WHAT NEEDS TO BE DONE: The whole listing, pictures aside, should be reproduced exactly.

SUPPLIED MATERIAL:

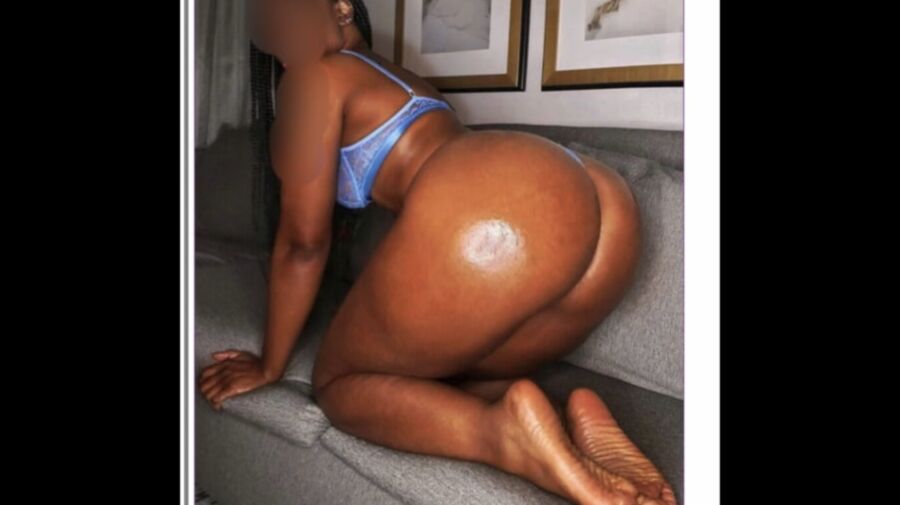 Big Black ass sluts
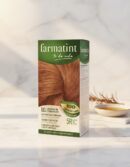FARMATINT GEL permanent color #5r-light copper brown 5 units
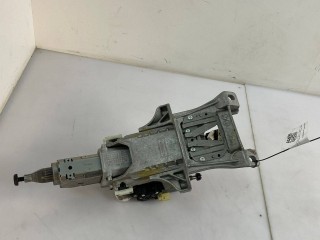 рулевая колонка Land Rover Range Rover Sport 2 поколение [рестайлинг] 2020, 3.0 л., 306DT, дизель, АКПП, rhodium silver (1ac), внедорожник 5 дв., полный привод, правый руль, LR081615, HPLA3C529AC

ANSWER TO THE EXERCISE:
 Big Black ass sluts
FARMATINT GEL permanent color #5r-light copper brown 5 units
 рулевая колонка Land Rover Range Rover Sport 2 поколение [рестайлинг] 2020, 3.0 л., 306DT, дизель, АКПП, rhodium silver (1ac), внедорожник 5 дв., полный привод, правый руль, LR081615, HPLA3C529AC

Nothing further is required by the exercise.